My trip to Kenya magnified my passion- my passion for life: finding happiness, and helping others. The students, teachers, and workers at Daylight inspired me through their embodiment of the resilience of the human spirit.No matter what they have gone through- tribal warfare, being orphaned, extreme poverty, or walking 10 miles to school each day, their bright eyes and gigantic smiles remain. The energy and commitment these students put into their studies is astounding. The general population of American kids (including me) has something to learn from them.It’s so easy to take school for granted, but education is the key to learning about yourself and discovering the world. Anyways, I’m rambling. I could talk about this stuff all day.

This summer I’m interning with Mama Maji. I was super excited when I discovered this organization on the list of places looking for Tulane interns because Mama Maji works in Kenya! Mama Maji is a non-profit whose mission is to “empower women to change their world through water.” They mainly work with communities in Kisumu, Kenya, but are expanding their efforts to anywhere that demonstrates a need for clean water infrastructure and a reaches out to Mama Maji. Their first project was in 2012 building a well in the rural community of Chiga. But Mama Maji is about much more than just building wells. They seek out women leaders in communities and engage them in workshops to learn business skills. These business skills in combination with the women’s preexisting knowledge of water management are the tools they need to facilitate positive development in their communities.
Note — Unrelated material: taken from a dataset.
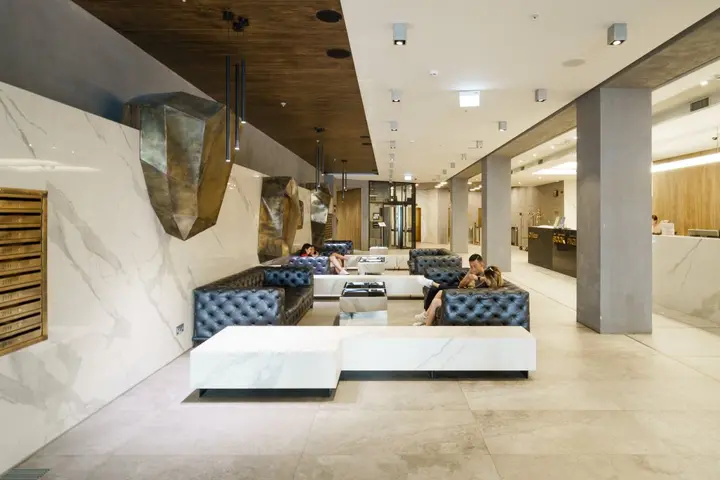 Москва: Apartamenty Almazy Arbata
Here’s a link to Mama Maji’s website: Mama Maji

During my internship this summer I will not be traveling to Kenya, but I will be helping with implementation of programs with the similar aims. The workshops in New Orleans, same as the workshops in Kenya, are focused on encouraging women leaders and helping them to develop their skills. Currently, Mama Maji is leading a project at Ben Franklin Elementary to engage young potential engineers by teaching them about irrigation and water conservation through the growth of a community garden.

To prepare for my internship and reflect upon what I want to gain from the experience I have compiled a list of 5 learning objectives:

  1. Learn more about how a non-profit is run.
  2. Build my confidence in sharing ideas.
  3. Improve my leadership skills by organizing projects and communicating with large groups.
  4. Establish relationships with New Orleans teachers, students, and community partners.
  5. Build connections with work in Kenya through Mama Maji which I can maintain and further develop in the coming years.

The thought of my future with Mama Maji makes me so happy. My passion is connecting with people globally through non-profit work (specifically in Kenya!). Mama Maji’s mission and mine align beautifully.